By The Ven. David Gunn-Johnson

Not surprisingly, as I began pondering what to share with you, my thoughts turned to theatre and its place in our lives; first in the broadest sense and then, much closer to home, with the current production in the Cathedral of Twelfth Night.

I have been cast as Sir Andrew Aguecheek, a foppish fool who is being conned out of his money by the carousing, drunken, Sir Toby Belch. The Director assures me that this is not a case of typecasting! As ever, with Shakespeare, the foolish and funny is held in fine balance with the romantic and the deeply serious. That thought stirred the memory of a conversation between a bishop and an actor-manager of an earlier age. The two were great friends and it was after a performance that the two of them were in the actor’s dressing room taking a little sherry prior to a late supper.

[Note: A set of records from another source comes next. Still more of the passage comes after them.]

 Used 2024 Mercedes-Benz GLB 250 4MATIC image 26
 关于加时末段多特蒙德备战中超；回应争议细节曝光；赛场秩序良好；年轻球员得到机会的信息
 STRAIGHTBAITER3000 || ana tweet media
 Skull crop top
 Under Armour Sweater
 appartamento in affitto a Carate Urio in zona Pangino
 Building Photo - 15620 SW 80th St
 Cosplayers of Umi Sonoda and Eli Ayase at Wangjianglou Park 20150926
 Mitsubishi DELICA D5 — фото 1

The bishop lamented,

“Why is it that when I proclaim the profoundest of truths people are scarcely moved but when you proclaim complete fiction, they are enthralled.”

The reply:

“When I proclaim fiction I, for that moment, make it sound to be the truth. When you proclaim truth, you make it sound like fiction”

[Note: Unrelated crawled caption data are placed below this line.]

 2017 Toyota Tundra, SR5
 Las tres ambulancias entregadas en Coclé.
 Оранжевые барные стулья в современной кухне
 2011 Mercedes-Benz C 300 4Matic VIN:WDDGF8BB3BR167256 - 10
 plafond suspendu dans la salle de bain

Oh dear. On behalf of every preacher who has ever had the same experience, Ouch!

However, the challenge this poses is not just for bishops and preachers.

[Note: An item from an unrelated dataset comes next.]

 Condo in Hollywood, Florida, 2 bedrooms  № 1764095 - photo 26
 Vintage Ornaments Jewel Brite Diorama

When people go to the theatre what is required of them is a suspension of disbelief. For the duration of the performance, they must allow it, at some level, to become a reality; transient, but in a sense, real.

When people go to church, (and, in spite of what you might read and hear, lots still do) or listen to sermons, what is required of them? What happens, for some people, is exactly what happens in the theatre, a suspension of disbelief. The dodgy or difficult bits of the bible readings or the sermon, at times are let go in favour of a focus on the general drift of the experience. In just the same way a theatre audience will ignore or forget a lighting glitch or a forgotten line. The inconvenient disjunctures in the Gospel story, which, in theatrical terms, might be called “holes in the plot”, might be allowed to pass without disturbing the serenity of the Sunday experience.

For the suspension of disbelief to turn into faith (not necessarily belief to start with but that’s another article), it is necessary to acknowledge all the doubts, the unanswered questions, the bits that don’t make sense. Then, in spite of all that, to allow the question, “If in the heart of all this there is truth, if there is a reality in what is being proclaimed here, then how can it touch me and make me complete?”

And that is a question for those who are wondering whether to give church a try and for those of us who have been going for ever.